Likewise, when organisations say they want to grow, what does it mean – more customers, more revenue, more profit..? All too often it is the sales imperative “go acquire new customers” and the team is incentivised to get more customers/sales. So new customers are brought into the organisation’s customer portfolio, only to have the average Customer Lifetime Value reduced, and average retention reduced. Not good enough.
The customer portfolio is made up, on average of some profitable customer, and some not so – so why not understand what these profitable customer look like, and acquire more of them. Simple, the value of the organisation’s customer portfolio them increases, smiles all round.
Unfortunately when it comes to acquisition we tend to have too many assumptions in who we want to acquire and all too quick to go to a solution, such as getting passionate about the channel or the execution.
Let’s put some attention into getting to know our awesome customer.
This idea is backed by what I refer to as Two-Way Value. This is where we find customers within our portfolio that have really responded to our value proposition, like our products and services and buy more. However these customers are often not seen by the organisation – all the noisy, demanding customers are the ones we know best. Working with financial services we found the attention was on the high net worth customers, great, but there are not that many of them within the customer base. We looked deeper to find mid-level-income customers that represented significant value. These customers had purchased multiple products, were using services that reduced the cost-to-serve, retention was a good 15% higher than the average. They were quiet advocates going about their lives, influencing friends and family.
The value exchange between the business and the customer was mutual. There was a Two-Way Value exchange that the customer valued, that benefited the business, but these customers were well under the radar of the financial services business.
Acquisition criteria, across the business was changed and new customers being brought on-board needed to match the profile of the customers that were more valuable. Cross selling activities were then prescribed to re-align existing mid-level customers towards the new profile.
The end result is a customer portfolio that you have chosen – not one that happened by chance. Knowing what our awesome customer looks like will help us build a customer base that is of more value to the business, and perhaps more importantly, delivers value to the customer. More customers receiving true value, means more advocacy from these customers to likeminded people.
The principle of looking for the Two-Way Value is a constant.

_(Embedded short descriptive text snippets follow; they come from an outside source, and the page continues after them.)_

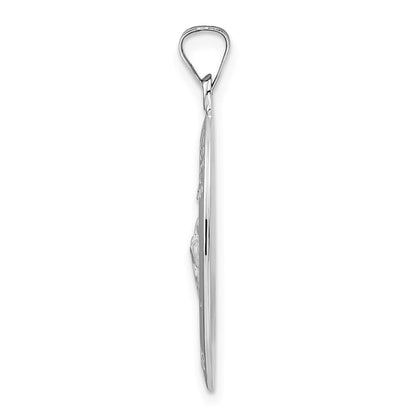 14K Weißgold Polierter Oval-Anhänger "Heiliger Judas Medaille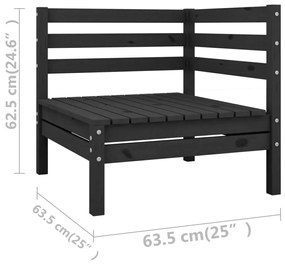 Set mobilier de gradina, 5 piese, negru, lemn masiv de pin Negru, 1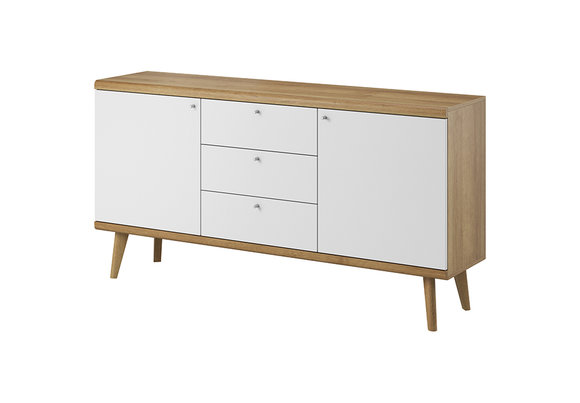 Living room designer sideboard with 3-sliding drawers & 2-swing doors in modern style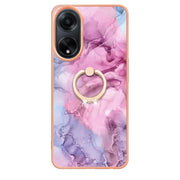 For OPPO A98 Electroplating Marble Dual-side IMD Phone Case with Ring(Pink 013)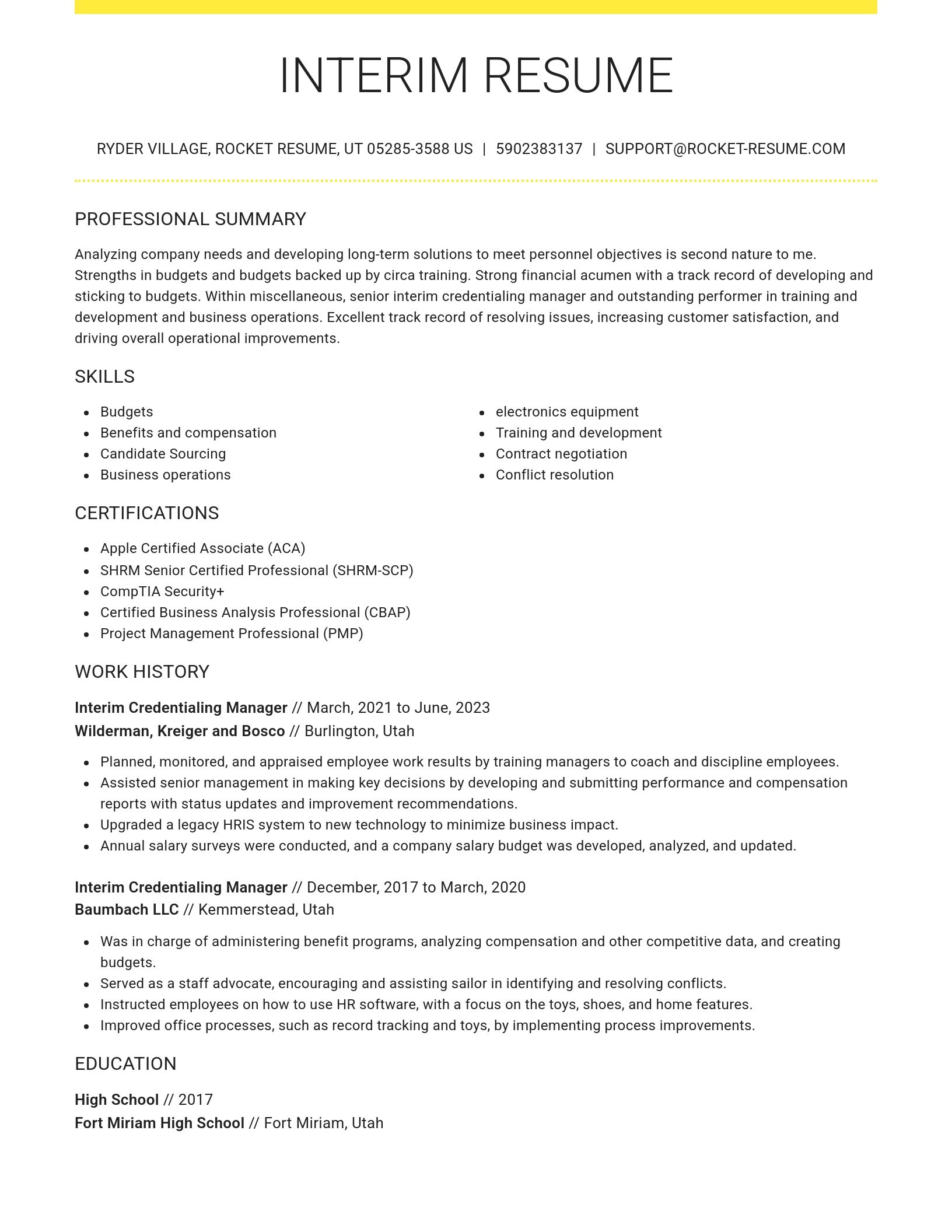 Grand resume template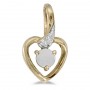 10k Yellow Gold Round Opal And Diamond Heart Pendant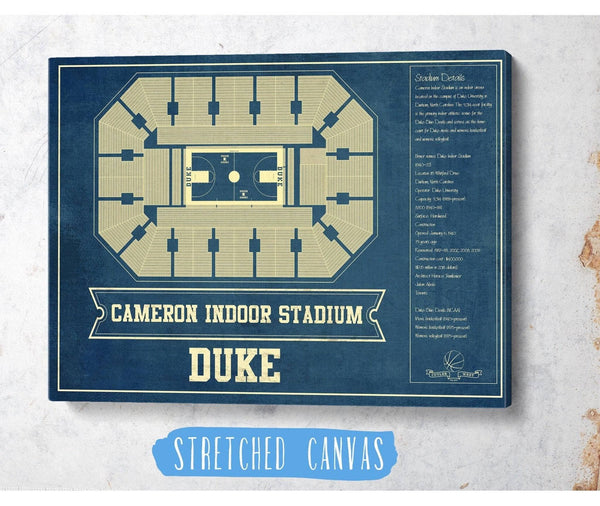 Cutler West Duke Blue Devils - Cameron Indoor Stadium Seating Chart - College Basketball Blueprint Art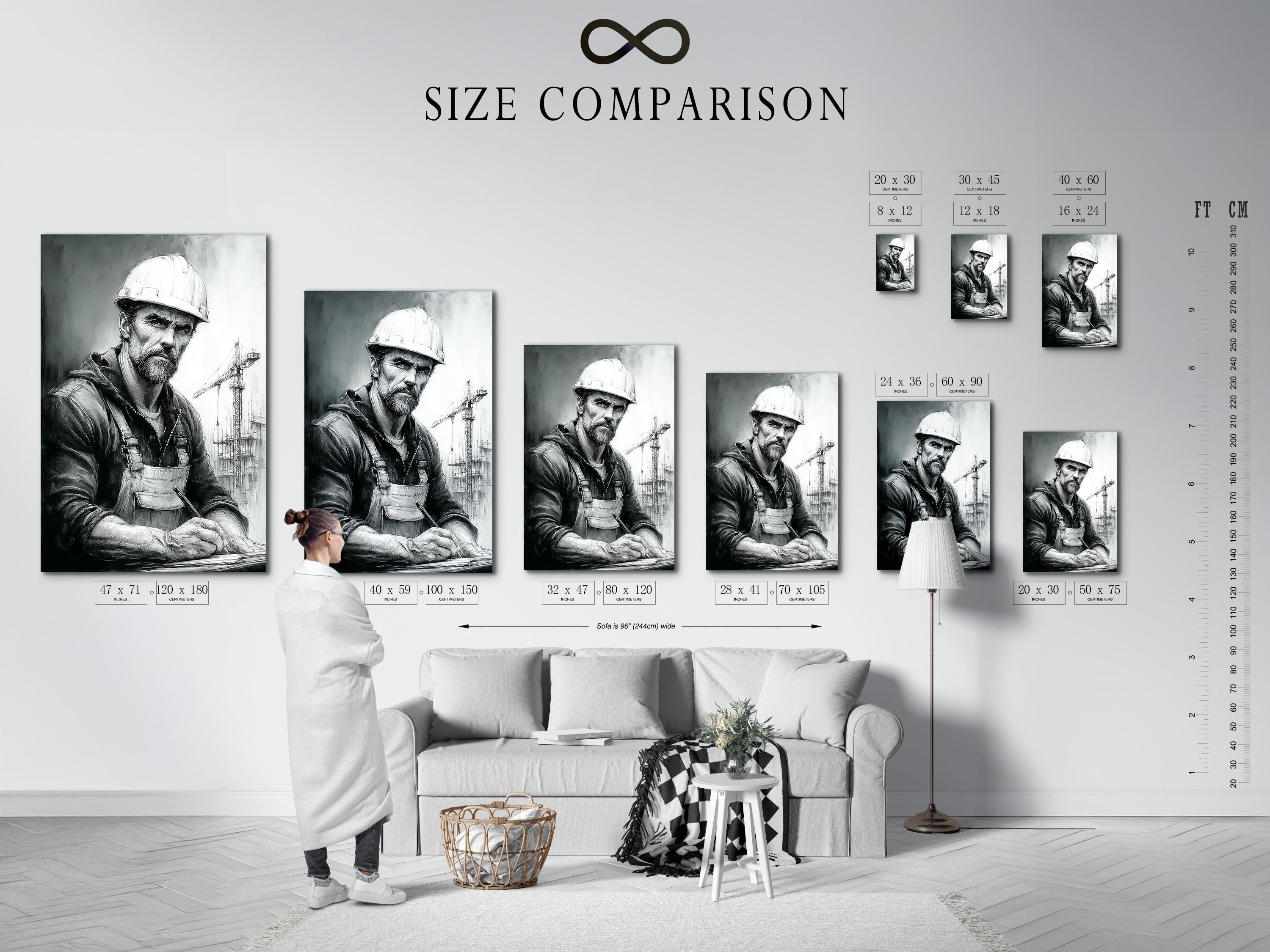 A wall mockup showing framed portrait options next to a monochrome construction worker artwork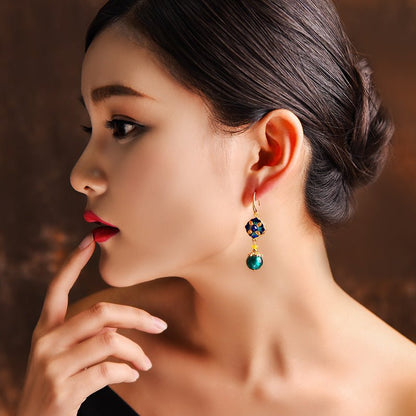 National style glazed blue earrings-Jewearrings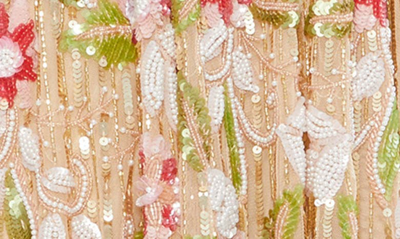 Shop Mac Duggal Floral Sequin Long Sleeve Midi Dress In Gold Multi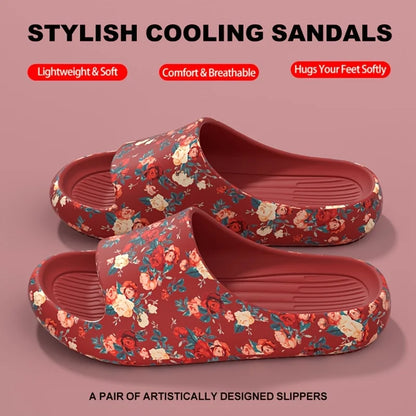 Women Men Floral Slide Sandals Plus Size Soft Slippers Thick Sole Non Slip Beach Shoes Casual Summer Indoor Outdoor Footwear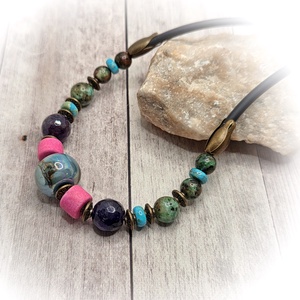 Szines vegyes ásványos nyaklánc - ékszer - nyaklánc - gyöngyös nyaklánc - Meska.hu
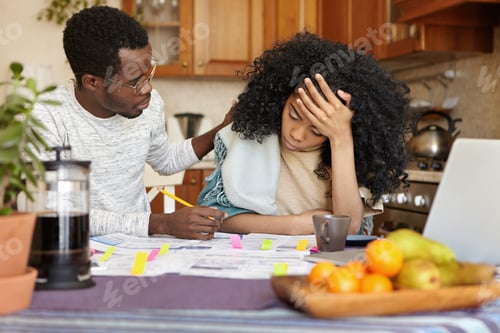 Preview: Young Dark-Skinned Woman Feeling Stressed, Holding Head In Despair, Can'T Stand Through Financial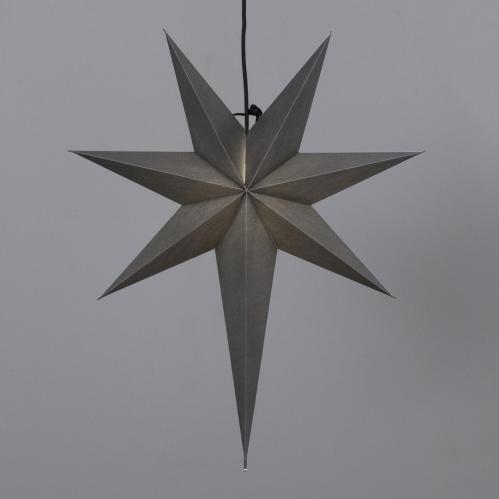 Julstjärna - Grå - inkl svart textilsladd - 100 cm - www.frokenfraken.se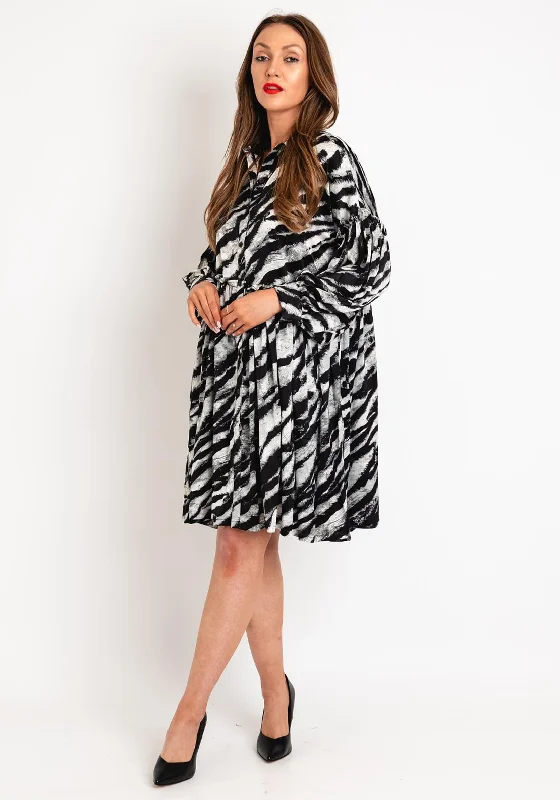 Special Buy Malissa J One Size Zebra Print Frill Trim Knee Length Dress, Grey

I recently worked with a software business selling into the construction industry. The allure of the big customer was clouding where the real value was. The big customer would have a sales cycle of around three months, and demand a lot more from the selling business. However, we found the two-way value was (again, coincidentally) with these mid-sized businesses – shorter sales cycle, better match for the selling business, higher retention, lower cost to serve, and strong advocacy.
The moral of the story is to know your awesome customer – apply your sales and marketing efforts to acquire these customers only. The end result, a more profitable customer portfolio, higher advocacy.